While Cowboys CB Kelvin Joseph is being questioned, the murdered man’s loved ones seek justice

The last text message Emily Chavez received from Cameron Ray, her boyfriend of more than two years and roommate since December, arrived at 1:54 am on March 18. It consisted of three words.

I miss you.

Chavez and Ray were renting a house in Palestine, about a two-hour drive southeast of Dallas. She said Ray was closer to home. It does not come out much. When he does – like he did that night to celebrate his best friend’s birthday in Old East Dallas – they text sporadically all evening. She doesn’t fall asleep until she knows it’s safe.

Ray texted Chavez at 1:54 a.m., his best friend called at 2:18.

It’s like, ‘Where are you Emily?’ Chavez said: Where are you? Cam just got hurt, Emily. The camera has just been shot. “

Emily Chavez, Cameron Ray’s friend of more than two years, texted Ray on the morning of his murder. Ray was fatally shot in the head shortly after a skirmish outside a bar in Old East Dallas on March 18. The Chavez and Ray family were on a mission to find the people responsible for his death.

Ray, 20, was fatally shot in the head shortly after some members of his friend group clashed with another group outside a bar at 3600 block of Greenville Street. His loved ones want justice and are committed to achieving it. Since Ray’s death on March 18, they have been tracking the social media activity of people they believe are responsible.

Calvin Joseph is one of them.

Barry Sorrells, Joseph’s attorney, said Friday that Joseph was a passenger in the black SUV from which Ray and his friends were shot shortly after facing the groups. The lawyer said Dallas Morning News That Joseph was not the shooter. Dallas police investigators interviewed Joseph for a few hours Friday afternoon, and no charges have been filed against him at this time.

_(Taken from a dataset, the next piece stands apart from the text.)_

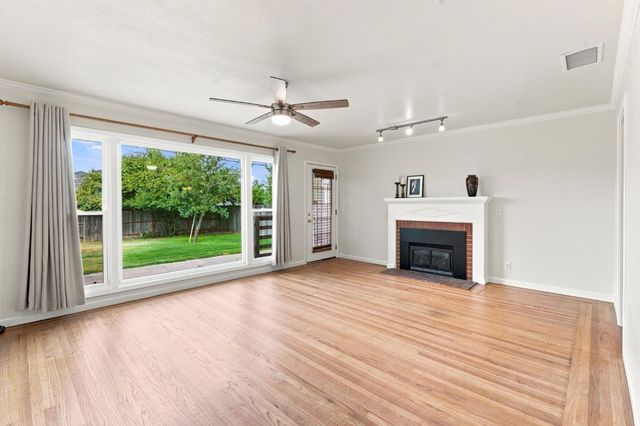 5612 Bradd Way, Sacramento, CA 95822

Joseph became linked to the murder investigation after police on Wednesday released surveillance footage of him and five others before the shooting, asking the public to help identify them.

“I feel very angry, the fact that he’s trying to clear his name,” Chavez said of Joseph. “I understand that you are a star. You play football. You have a career. You have your beautifully defined life. But if you are so innocent, why would you take the police to take out the video and for your fans to recognize you for you to admit it?”

Mourning and searching

Most people call it cam.

Some of those who knew him from basketball – he excelled in Athens High School – affectionately called him “Boom”.

Ray was Christy Ray’s firstborn, and was her only son. She said he was respectful and loving, and made sure to call his mother daily.

“That was my baby,” Kristi Ray said. “I’m just trying to stay strong, but it’s hard.”

She described him as the older brother who protects his three sisters. When someone got a boyfriend, he wanted to know. Ray was always trying to make people laugh. Kristi Ray said he was gifted with a sense of humor of both parents, and wasn’t afraid to act foolishly or dance to elicit laughter from those around him.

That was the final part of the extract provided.